Efforts were also made to avail combine harvesters so that the wheat could not be damaged by early rains.
Some challenges were, however, experienced in some parts of the country.
Veld fires and early rains affected the crop although no significant damage was done. The country remained self-sufficient.
Farmers also complained of challenges in transportation of the crop to the Grain Marketing Board Marketing.
Concerns were also raised over the delays in payments after farmers had delivered their wheat to the GMB.
The attainment of soft wheat self-sufficiency is premised on Government’s agricultural transformation anchored on active private and public sector participation.
According to Lands, Agriculture, Fisheries, Water and Rural Resettlement food self-sufficiency, import substitution, increased exports, increased value addition and beneficiation, increased employment and improved livelihoods can be better guaranteed by a vibrant water sector, anchored on robust, transparent, fair and accountable management of the sector.
Irrigation has been identified as a key component in wheat production.
In Zimbabwe wheat is grown in winter under irrigation.
According to the Ministry of Lands, irrigation will continue to have a prominent role in propelling agriculture in the context of Vision 2030. In this regard, efficient water use, through efficient irrigation systems, will be advocated.
The country will continue to register surplus if all stakeholders play their part; if adequate funding is availed, inputs distributed early and farmers trained on important practices.
Farmers should also be equipped so they always plant within the planting window to prevent destruction of the crop by early rains.

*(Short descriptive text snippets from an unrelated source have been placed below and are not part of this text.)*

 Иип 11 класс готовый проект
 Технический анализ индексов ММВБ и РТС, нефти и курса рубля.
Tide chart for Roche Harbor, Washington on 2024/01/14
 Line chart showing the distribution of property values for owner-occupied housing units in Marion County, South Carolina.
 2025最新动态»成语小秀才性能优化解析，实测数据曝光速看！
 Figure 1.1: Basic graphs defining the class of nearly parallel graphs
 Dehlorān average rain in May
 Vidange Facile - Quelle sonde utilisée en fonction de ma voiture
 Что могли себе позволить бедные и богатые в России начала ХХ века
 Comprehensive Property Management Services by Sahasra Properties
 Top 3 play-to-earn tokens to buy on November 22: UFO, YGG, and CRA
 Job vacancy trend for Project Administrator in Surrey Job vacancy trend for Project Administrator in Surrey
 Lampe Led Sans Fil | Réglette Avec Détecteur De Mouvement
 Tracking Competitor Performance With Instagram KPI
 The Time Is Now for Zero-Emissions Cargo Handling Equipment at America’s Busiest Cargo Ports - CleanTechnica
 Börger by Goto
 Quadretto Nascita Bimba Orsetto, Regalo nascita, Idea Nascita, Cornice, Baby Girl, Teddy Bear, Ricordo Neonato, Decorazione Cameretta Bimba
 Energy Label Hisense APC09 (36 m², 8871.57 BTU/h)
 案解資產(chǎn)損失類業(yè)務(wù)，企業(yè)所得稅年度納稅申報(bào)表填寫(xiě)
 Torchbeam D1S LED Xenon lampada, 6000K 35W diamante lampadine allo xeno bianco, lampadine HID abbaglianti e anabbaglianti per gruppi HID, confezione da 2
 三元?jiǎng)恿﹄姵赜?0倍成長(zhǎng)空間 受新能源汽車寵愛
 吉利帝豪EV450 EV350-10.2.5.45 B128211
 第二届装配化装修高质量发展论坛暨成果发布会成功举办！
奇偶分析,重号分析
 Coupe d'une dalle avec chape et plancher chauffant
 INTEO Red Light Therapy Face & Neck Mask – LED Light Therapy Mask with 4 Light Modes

Harvesting equipment should also be available and affordable.
The announcement of pre-planting producer prices by Government also help motivate farmers to produce the crop.
A number of farmers have welcomed government’s move to peg producer prices in foreign currency. According to the farmers inputs are pegged in foreign currency and therefore they will not be able to break even if they get their payments wholly in RTGS.
The area under wheat production can also be improved.
The Ministry has also encouraged tobacco farmers to also consider producing wheat during the winter cropping season.
Tobacco growers could utilise their land for the irrigated tobacco for wheat production to ensure the country continue attaining self-sufficiency and building a strategic grain reserve for the cereal.
All farmers with land and have access to water for irrigation can also produce wheat even on a small scale so the nation become self-sufficient.
The tobacco industry has a sizeable hectarage that they put to irrigated tobacco about 20 000 hectares.
All this land could be utilised to grow wheat. The tobacco farmers’ 20 000 hectares can be used to produce a 100 000 tonnes of wheat.